Exercise instructions:
Please copy every record below exactly and leave out the pictures.

Records for this task:
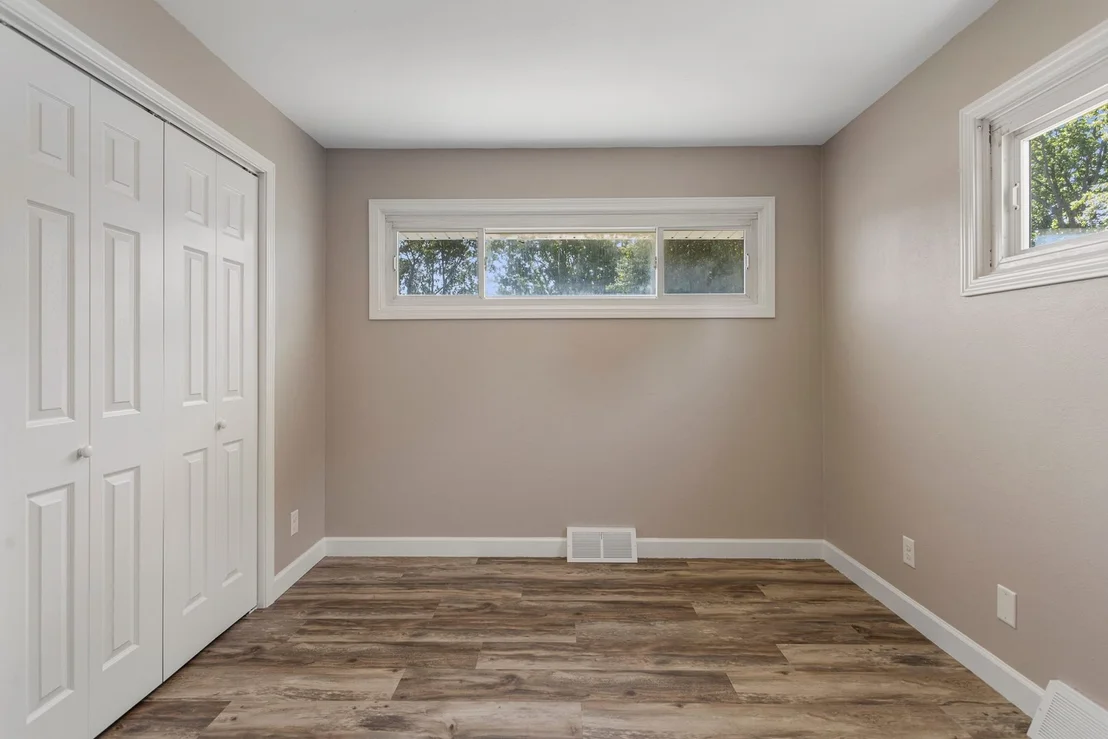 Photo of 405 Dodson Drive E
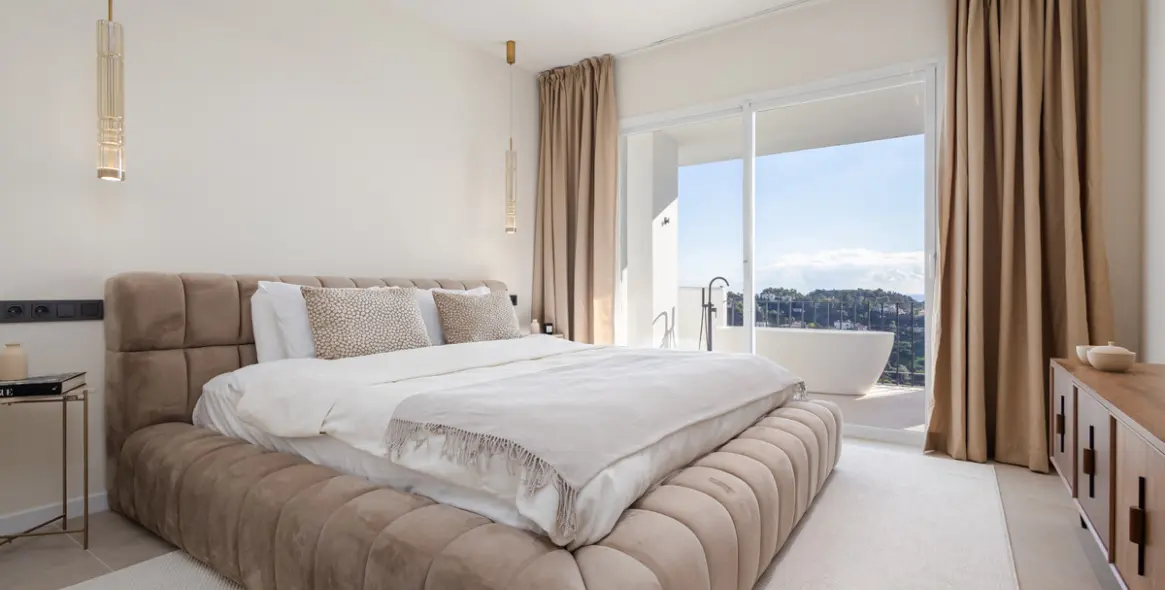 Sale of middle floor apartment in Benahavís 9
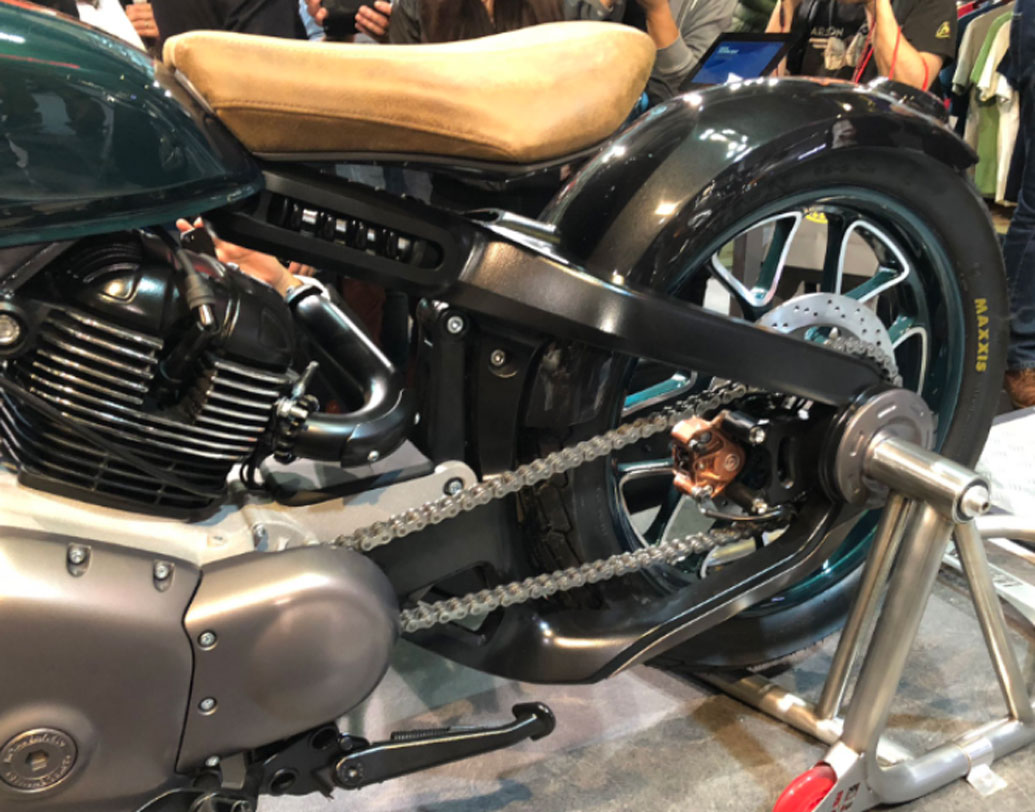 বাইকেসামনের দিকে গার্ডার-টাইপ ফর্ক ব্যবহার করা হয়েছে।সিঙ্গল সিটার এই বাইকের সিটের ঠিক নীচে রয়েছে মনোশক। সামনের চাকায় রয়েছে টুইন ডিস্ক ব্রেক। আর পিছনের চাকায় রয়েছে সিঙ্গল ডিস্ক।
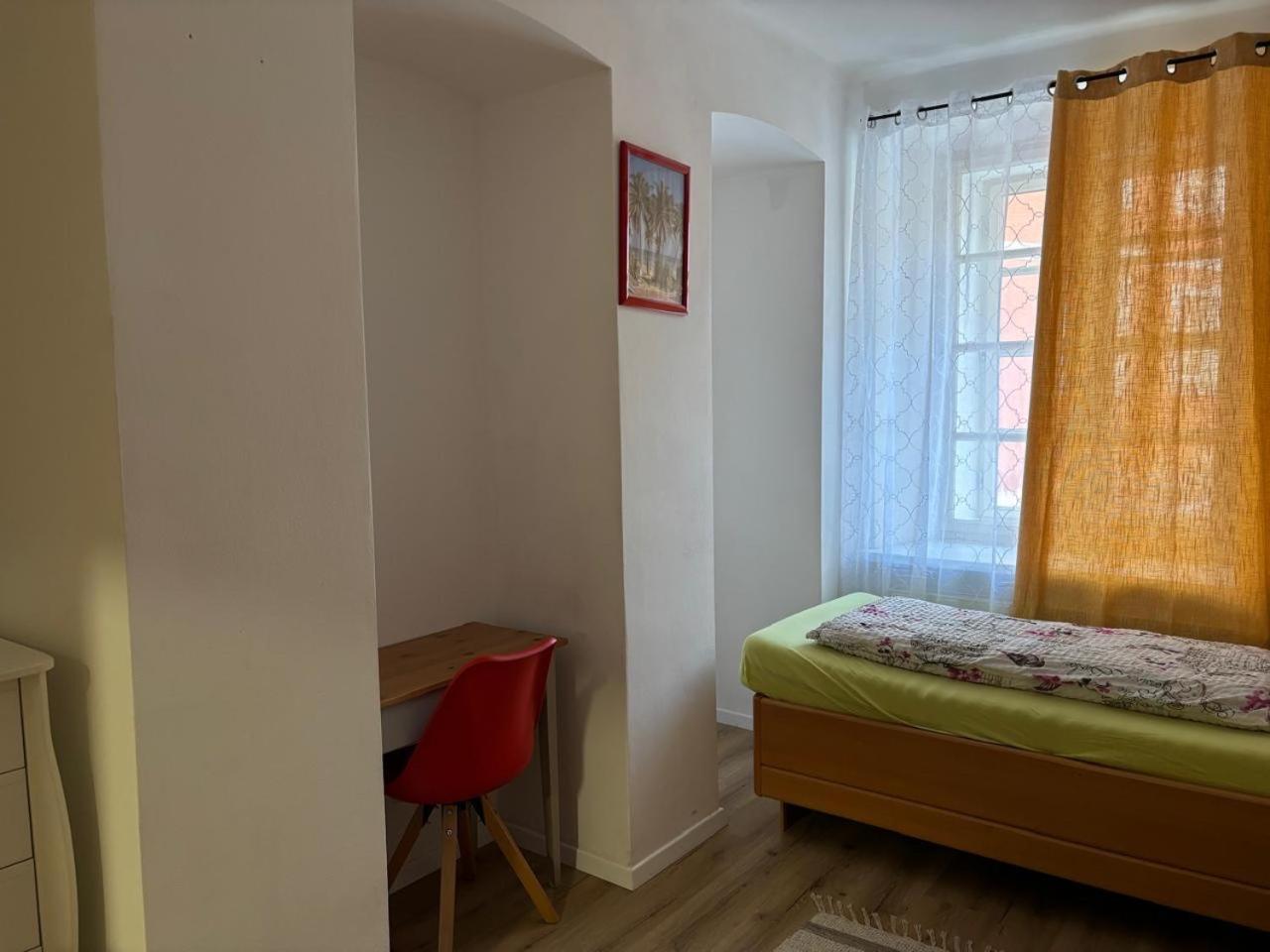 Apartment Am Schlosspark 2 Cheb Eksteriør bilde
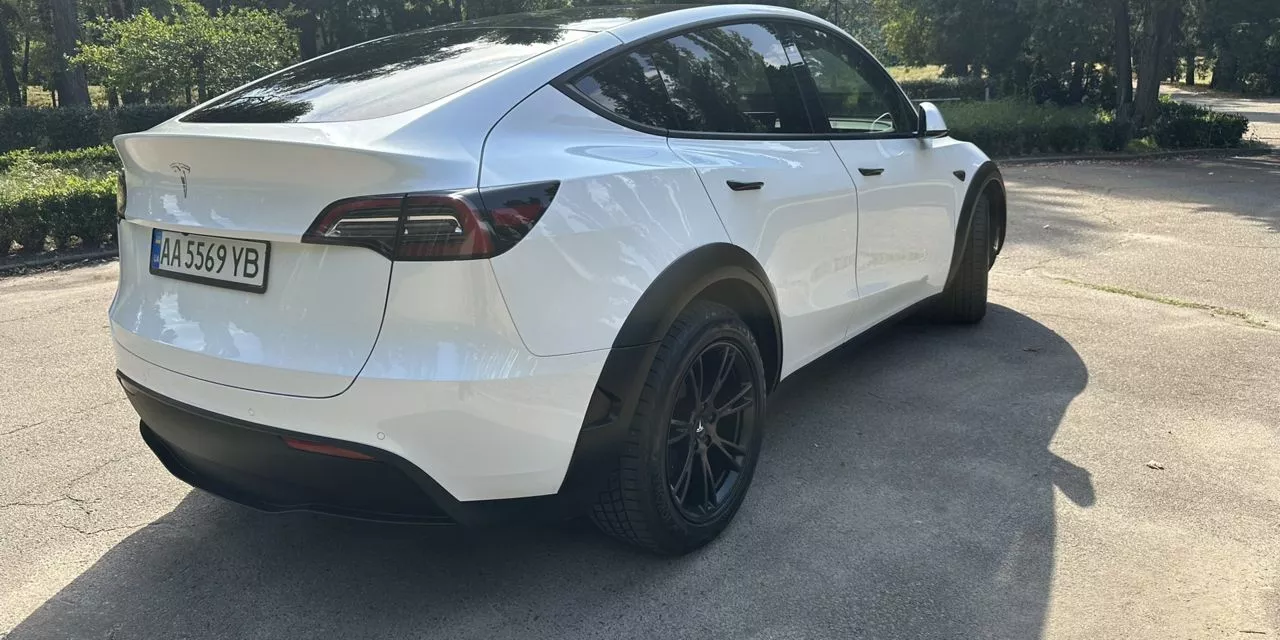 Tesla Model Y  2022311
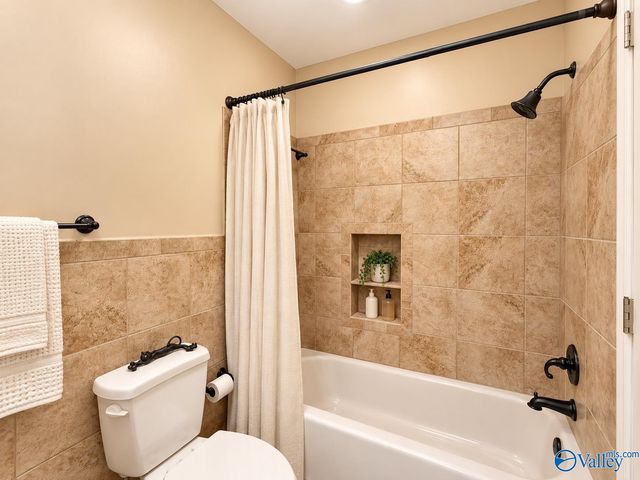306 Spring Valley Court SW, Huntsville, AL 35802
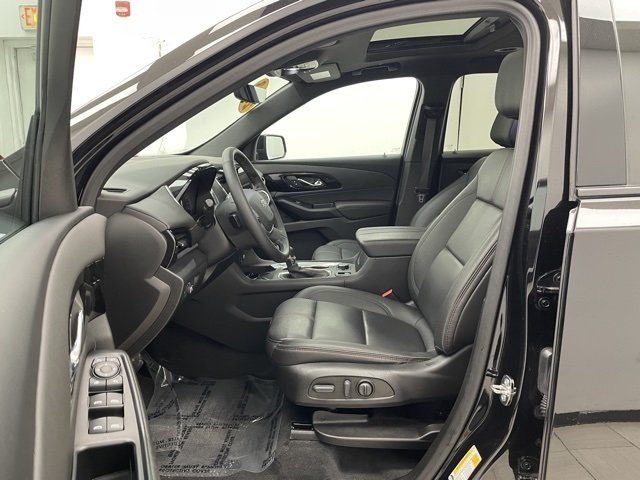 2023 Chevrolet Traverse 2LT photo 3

Completed task:
 Photo of 405 Dodson Drive E
 Sale of middle floor apartment in Benahavís 9
 বাইকেসামনের দিকে গার্ডার-টাইপ ফর্ক ব্যবহার করা হয়েছে।সিঙ্গল সিটার এই বাইকের সিটের ঠিক নীচে রয়েছে মনোশক। সামনের চাকায় রয়েছে টুইন ডিস্ক ব্রেক। আর পিছনের চাকায় রয়েছে সিঙ্গল ডিস্ক।
 Apartment Am Schlosspark 2 Cheb Eksteriør bilde
 Tesla Model Y  2022311
306 Spring Valley Court SW, Huntsville, AL 35802
 2023 Chevrolet Traverse 2LT photo 3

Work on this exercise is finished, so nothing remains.